Formed in Ann Arbor in 1967, the Stooges — Mr. Asheton, the singer Iggy Pop, the bassist Dave Alexander and the guitarist Ron Asheton, Scott’s brother — boiled down rock ’n’ roll to its aggressive base elements in songs about boredom and desire. Over time, through their small and powerful discography and the hundreds of bands they inspired, they left a lasting mark on rock music.
Their sound was powered by Mr. Asheton’s drumming, its hard, whacking grooves and patterns on songs like “No Fun,” “Down on the Street,” “1969,” “TV Eye” and “Raw Power,” seemingly adapted from Bo Diddley, Motown and early Little Richard.
Nicknamed Rock Action — he had the words tattooed on his left forearm, with a lightning bolt through them — Scott Randolph Asheton was born on Aug. 16, 1949, in Washington.  After the death of his father, Ronald, a Marine Corps pilot, his mother, Ann, moved the family to Ann Arbor.

Mr. Asheton could be tight-lipped compared with his more voluble brother Ron and the gregarious, exhibitionistic Iggy Pop, who said of him in an interview this week: “He was the Marlboro man, a man of few words and unquestionable masculinity, and he was the moral and spiritual enforcer of the group.”

The Stooges, originally the Psychedelic Stooges, began as kind of amateur avant-gardists — “like jazz gone wild,” Iggy Pop once said. They played their first gig on Halloween in 1967.  Scott Asheton’s homemade drum set, as his brother recalled it, included a 55-gallon oil drum, timbales and a snare, though no cymbals.

Within a year, living and rehearsing together in a series of rented houses, the group got its style and songwriting in line, started opening for bands at the Grande Ballroom in Detroit, and was signed by Elektra Records.

After releasing the albums “The Stooges” (1969), “Fun House” (1970) and, with a lineup change, “Raw Power” (1973), the band broke up, challenged by commercial failure, problematic management and members’ own drug habits.

Mr. Asheton went on to play in a few other bands in the late 1970s. By the 1990s he was dividing his time between Michigan and Florida.

The Stooges reunited in 2003, with Mr. Asheton on board. In their second life they toured the world, playing to many more people than they did the first time around. Mr. Asheton played on the band’s album “The Weirdness,” released in 2007.

Ron Asheton died in 2009, and Scott Asheton, experiencing sudden illness, dropped out of the band’s tour in the summer of 2011. He played on the Stooges’ 2013 album, “Ready to Die,” but did not take part in the tour that followed.

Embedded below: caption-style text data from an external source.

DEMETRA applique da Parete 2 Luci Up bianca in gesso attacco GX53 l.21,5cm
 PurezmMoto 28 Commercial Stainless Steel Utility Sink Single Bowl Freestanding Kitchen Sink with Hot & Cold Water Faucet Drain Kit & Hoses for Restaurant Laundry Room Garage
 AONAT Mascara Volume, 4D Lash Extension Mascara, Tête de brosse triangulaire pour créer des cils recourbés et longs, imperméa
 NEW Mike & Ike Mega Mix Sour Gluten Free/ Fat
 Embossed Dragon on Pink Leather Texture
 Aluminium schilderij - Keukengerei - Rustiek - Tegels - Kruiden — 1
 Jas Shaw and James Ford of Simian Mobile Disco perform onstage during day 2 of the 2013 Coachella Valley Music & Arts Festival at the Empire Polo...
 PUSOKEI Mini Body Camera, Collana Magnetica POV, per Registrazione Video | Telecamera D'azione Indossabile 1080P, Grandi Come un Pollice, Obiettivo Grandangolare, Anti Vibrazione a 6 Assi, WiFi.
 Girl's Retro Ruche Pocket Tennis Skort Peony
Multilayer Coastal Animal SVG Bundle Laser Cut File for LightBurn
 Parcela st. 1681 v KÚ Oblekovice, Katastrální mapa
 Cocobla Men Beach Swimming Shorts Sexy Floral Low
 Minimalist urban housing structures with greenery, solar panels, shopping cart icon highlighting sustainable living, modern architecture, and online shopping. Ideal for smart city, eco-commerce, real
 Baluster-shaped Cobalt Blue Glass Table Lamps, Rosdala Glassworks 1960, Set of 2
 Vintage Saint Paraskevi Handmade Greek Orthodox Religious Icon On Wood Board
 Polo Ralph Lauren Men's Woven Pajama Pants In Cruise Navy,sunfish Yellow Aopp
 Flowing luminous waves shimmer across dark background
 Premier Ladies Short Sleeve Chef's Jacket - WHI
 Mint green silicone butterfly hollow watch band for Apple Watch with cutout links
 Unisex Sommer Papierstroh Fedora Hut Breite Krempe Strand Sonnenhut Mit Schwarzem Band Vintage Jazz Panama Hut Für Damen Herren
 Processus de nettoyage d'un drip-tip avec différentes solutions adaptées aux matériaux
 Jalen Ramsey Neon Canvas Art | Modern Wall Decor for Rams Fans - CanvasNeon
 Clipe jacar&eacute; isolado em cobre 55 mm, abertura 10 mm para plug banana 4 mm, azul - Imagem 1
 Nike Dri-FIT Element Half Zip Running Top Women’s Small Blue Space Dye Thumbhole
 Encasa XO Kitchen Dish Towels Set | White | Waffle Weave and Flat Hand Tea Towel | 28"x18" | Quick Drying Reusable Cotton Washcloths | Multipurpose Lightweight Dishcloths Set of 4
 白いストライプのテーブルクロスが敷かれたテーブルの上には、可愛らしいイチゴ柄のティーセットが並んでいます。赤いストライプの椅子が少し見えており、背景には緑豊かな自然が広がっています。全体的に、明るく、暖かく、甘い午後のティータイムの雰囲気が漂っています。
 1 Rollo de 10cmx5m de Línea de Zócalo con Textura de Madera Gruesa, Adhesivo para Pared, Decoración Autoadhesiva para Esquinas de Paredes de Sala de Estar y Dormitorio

In addition to his daughter, an actress, Mr. Asheton is survived by his wife, Elizabeth; his stepsons, Simon and Aaron Wallis; and a sister, Kathleen Asheton. 

“He drummed songs,” Iggy Pop said. “He had terrific force in his hands, and a natural power punch, a knockout punch, without flailing.”

He added, “He always played truth on the instrument — always.”

1 comment:

  1. Rest in peace,and respect to one of the men and women that made my teenage years just that much louder and so much better.